Vom Grundtext ausgehend kann nicht entschieden werden, ob es sich um die männliche Form (Junias – als Abkürzung für Junianus) oder die weibliche Form (Junia) handelt. Das liegt daran, dass die neutestamentlichen Schriften ursprünglich in griechischen Großbuchstaben verfasst wurden, bei denen die deklinierte Schreibweise beider Formen gleich ist. Die Gemeinde in Rom wird gewusst haben, wer gemeint ist, uns ist es allerdings nicht möglich das allein vom Text her abschließend zu klären. Die Kirchenväter bis zum 13. Jahrhundert gingen einheitlich davon aus, dass es sich um eine Frau handelt. Auch komplementär denkende Bibelausleger (wie Thomas Schreiner und Douglas Moo) folgen dieser Sichtweise. Während sich einige gängige deutsche Übersetzungen für Junias entschieden haben (z. B. rev. Elberfelder und die Schlachter 2000), ist diese Position eher unwahrscheinlich. Während eine Namenskürzung möglich wäre (vgl. Priscilla und Prisca), ist die männliche Form Junias in der griechischen Literatur nirgends belegt. Es scheint sich also eher um eine Frau gehandelt zu haben und es ist wahrscheinlich, dass Andronikus und Junia ein Ehepaar waren (vgl. Prisca und Aquila in V.3).

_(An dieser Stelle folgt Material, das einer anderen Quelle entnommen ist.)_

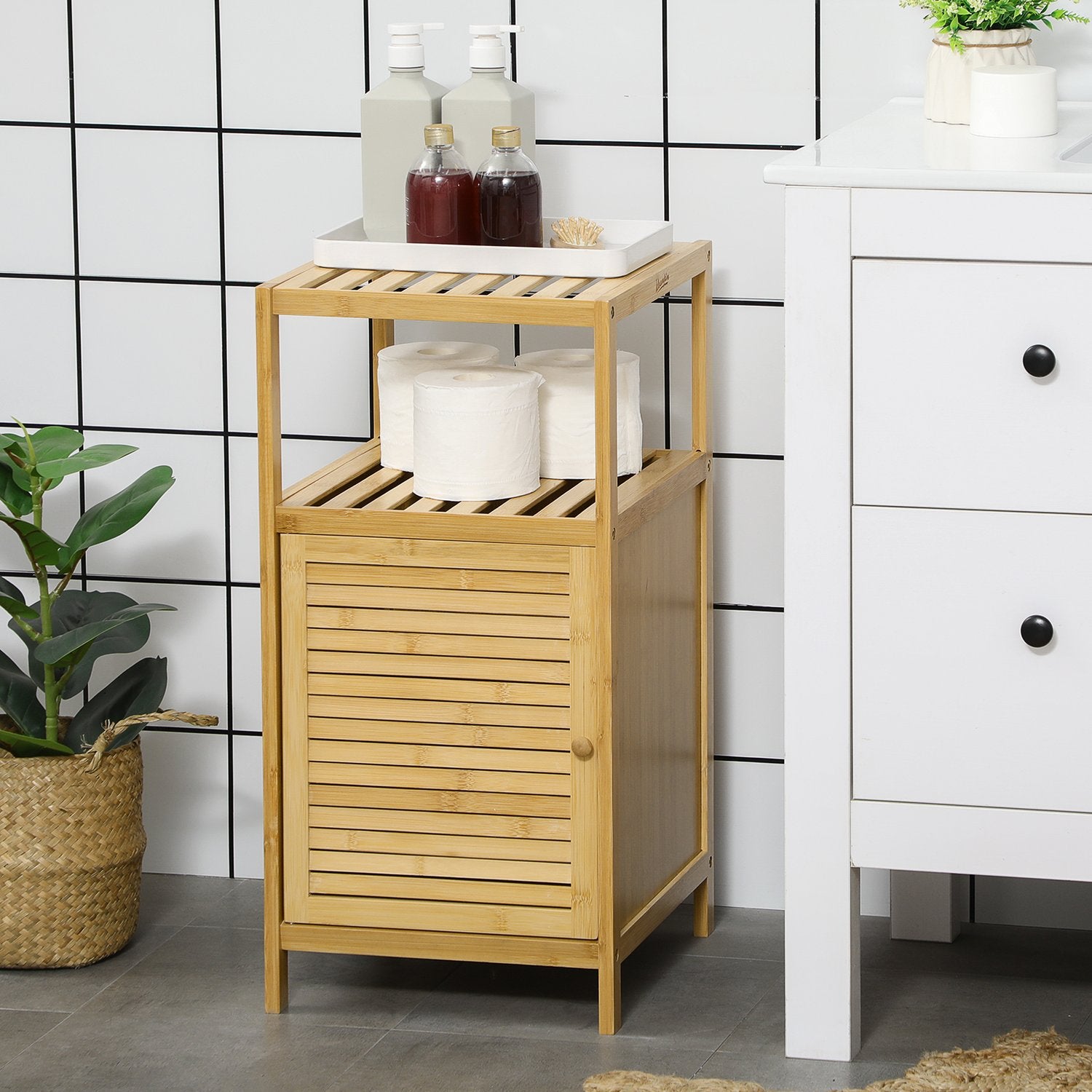 Badrumsskåp i bambu, öppen hylla, tippskyddsdesign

Bei den Aposteln angesehen oder ausgezeichnet unter den Aposteln?

Die Frage, die sich anschließend stellt: (1) Waren beide lediglich bei den angesehen (heißt: sie gehörten selbst nicht zur Gruppe der Apostel) oder (2) waren sie ausgezeichnet unter den Aposteln (gehörten also zur Gruppe der Apostel und hatten darin sogar eine besondere Stellung)? Schreiner und Moo halten die zweite Variante für plausibler. Vermutlich wurde aus genau diesem Grund Junia zu Junias gemacht, da man zu der Überzeugung kam, dass eine Frau keine Apostelin sein könne.

So what?

Das Argument für Junia als Apostelin wird häufig dafür gebraucht, eine egalitäre Sichtweise zu begründen. Allerdings wird dann üblicherweise ebenfalls wenig später angefügt, dass Paulus in 1Tim 3 selbstverständlich nur von männlichen Ältesten geschrieben haben könne, weil es in der damaligen patriarchalischen Gesellschaft völlig unmöglich gewesen sei, von Frauen als Gemeindeleitern zu sprechen. Ich frage mich, warum? Wenn weibliche Apostel anerkannt wurden, warum soll es dann undenkbar gewesen sein, von weiblichen Gemeindeleitern zu sprechen? Vor diesem Hintergrund würde es noch stärker ins Gewicht fallen, dass Paulus in 1Tim 3 nur von männlichen Ältesten schreibt. Die Annahme, dass Junia eine weibliche Apostelin war, stärkt meiner Ansicht nach die komplementäre Sichtweise, nicht die egalitäre.

Was ist nun mit Junia?

Persönlich überzeugen mich die Argumente, dass Paulus sich in Röm 16,7 auf Junia als Apostelin bezieht. Die Frage ist nur, was unter Apostelin zu verstehen ist. Bei Paulus findet sich durchaus die Unterscheidung zwischen den Zwölf und einem erweiterten Kreis von Personen, die als Apostel bezeichnet werden (1Kor 15,5.7). Als Voraussetzung für die Bezeichnung als Apostel wird im gleichen Brief die Begegnung mit dem Auferstandenen genannt (1Kor 9,1). Im zweiten Korintherbrief wird das Wort Apostel sogar lediglich mit Abgesandter (der Gemeinde) übersetzt (2Kor 8,23). Ich denke es macht am meisten Sinn, Apostel in Röm 16,7 im Sinne von Missionar zu verstehen. Junia war vermutlich – zusammen mit Andronikus – Augenzeuge der Auferstehung und gemeinsam waren sie Gesandte des Auferstandenen. Das Wirken der beiden war ganz sicher außerordentlich. Der Beitrag der Frauen im Reich Gottes darf nicht heruntergespielt werden. Das Neue Testament schreibt wesentlich mehr davon, was Frauen im Reich Gottes bewegten, als darüber, welche Dienste innerhalb der Gemeinde sie nicht ausüben sollten. Wir tun gut daran, diesem Beispiel zu folgen. Nichtsdestotrotz ist die Apostelin Junia aus meiner Sicht ein schlechtes Argument für ein egalitäres Rollenverständnis.